Emozionate entrambe.

“L’ho visto… è bellissimo”, si è sforzata, Oscar. Queste cose non le vengono proprio naturali… eppure era sincera.

“Vero?” ha annuito lei, grata.

Una carezza, che sfugge alla sua monolitica riservatezza, e lei che ha scherzato “Almeno riprenderò una forma umana…”

 

E, però, quando la sera torna dal lavoro – e torna sola, il neo riprodotto è stato prudentemente lasciato a badare al nido –, e ritrova luce contro buio, famigliola felice o perlomeno presunta tale contro vuoto, anche se cerca di dirsi che va bene, che non è quello che vorrebbe – e, in effetti, non lo vuole –, anche se cerca di contenere quello sconforto, quel senso di solitudine che l’avvolge e atterra, non è semplice. Non è affatto semplice. Quella sua condanna, di essere una donna moderna, di voler cercare l’amore ma a modo suo, secondo le sue esigenze, di volere un amore e non un prolungamento di esso, di volere un compagno, una persona simile, pari, eguale, eppure diverso, è davvero qualcosa di impossibile a osare domandarsi? Bisogna per forza essere come tutti e fingere e nascondersi e accettare le tappe che sembrerebbero obbligatorie, mollare l’uniforme, lasciarsi scopare e riprodursi? E se lei non ci sta, se lei questo non lo vuole, se ha avuto la fortuna di incappare nelle manie del padre e, ora, se le gode? Che male c’è? Che male ci sarebbe a desiderare un compagno e un’unione con lui, lui e basta, il lavoro che non le dispiace, loro due, due soli, due.

Bisognerebbe riscrivere le tradizioni. Forse, dopo l’uno, se l’uno proprio, da solo non ce la fa, è magari due il numero perfetto!

Soddisfatta di questa sensazione, si sente un po’ più in pace.

Oddio, pace è una parola grossa. Diciamo meglio.

 

Su una cosa, almeno, André e Christine si sono trovati d’accordo. Forse, in nome delle comuni idee, forse, in ricordo del tempo in cui condividevano le letture. Quelle sull’educazione. Sul progresso. Sulla condanna di pratiche barbare e di credenze popolari. Quando hanno visto la levatrice cercare di costringere il loro bambino nelle fasce, quando hanno sentito il suo pianto, hanno avuto un moto di ribellione. Qualcosa di comune, che, tra loro, latitava da tempo – veglie e mancanza di sonno a parte –.

“Non se ne parla”, ha fatto lui, interpretando quel cenno e dando voce anche alla disapprovazione di lei.

“Si fa così.” La perentoria risposta della donna.

“No, che non si fa così.
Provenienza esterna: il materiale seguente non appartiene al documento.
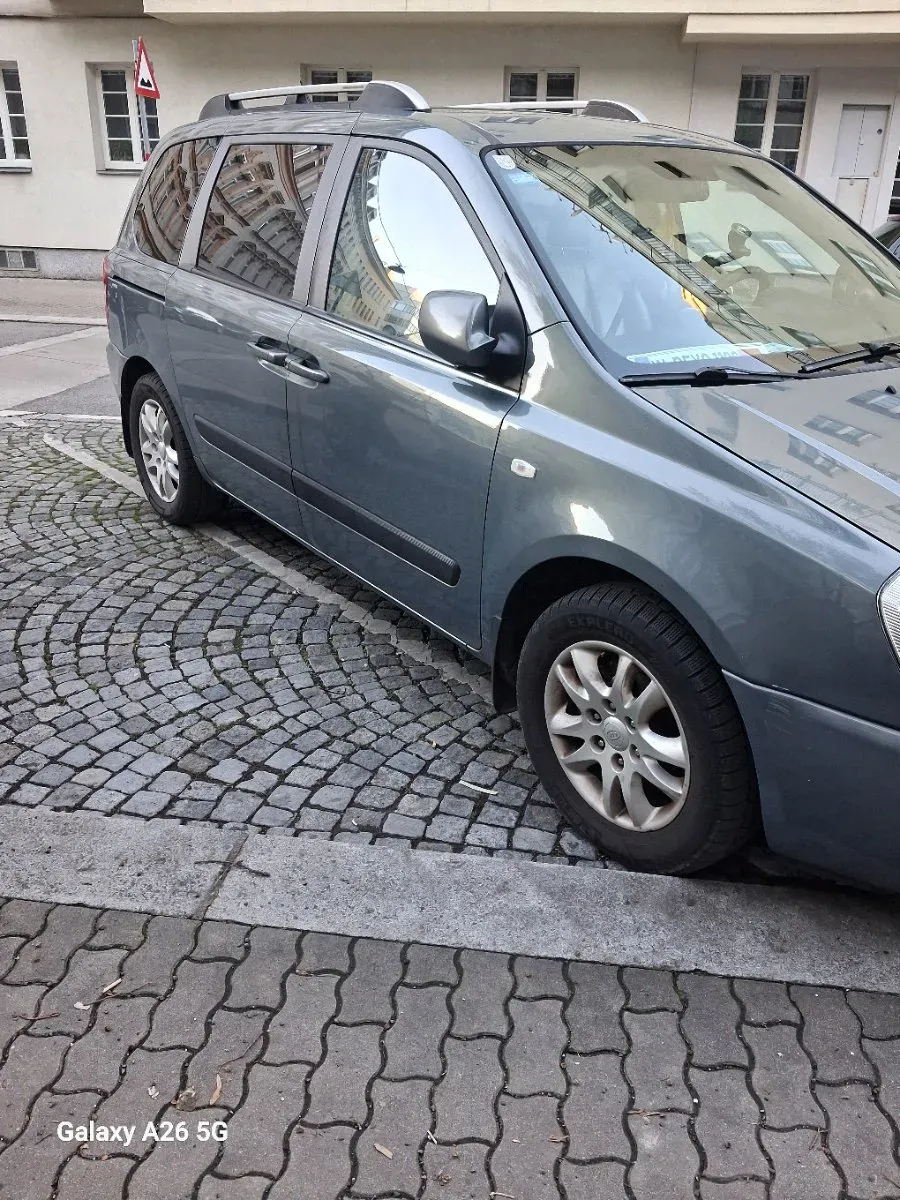 Kia Carnival 2006 photo 3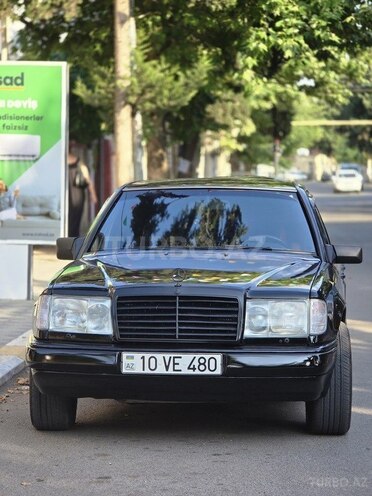 Mercedes E 220 1993, 301,000 km - 2.2 l - Tovuz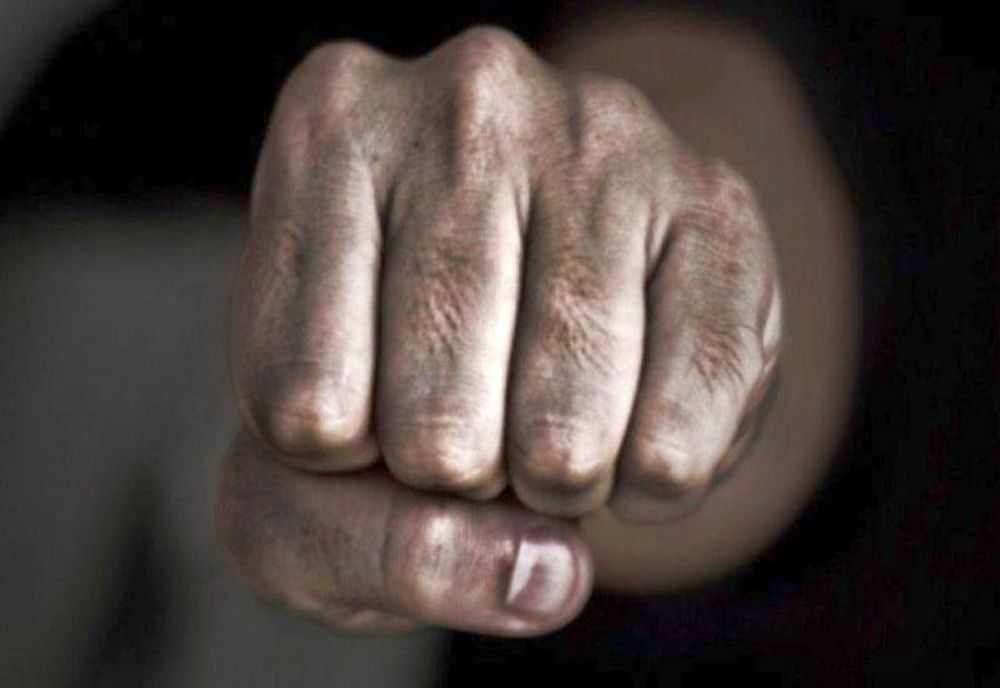 Cercetat pentru violență în familie și amenințare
Gli fa solo male.” Le fa notare. “Non sentite che piange?”

“Piangono tutti, poi si abituano.”

Inorriditi, esterrefatti, si domandano come sia possibile infliggere certe crudeltà a piccoli esseri senza difesa, che dai genitori si aspetterebbero protezione, e non castighi? No, non sarebbe stato così, per loro figlio. Si scambiano uno sguardo. “Noi non lo vogliamo.”

“No?” Incredula.

“No.” Fermi.

“A vostro rischio, poi, se cresce storto, rachitico o che…”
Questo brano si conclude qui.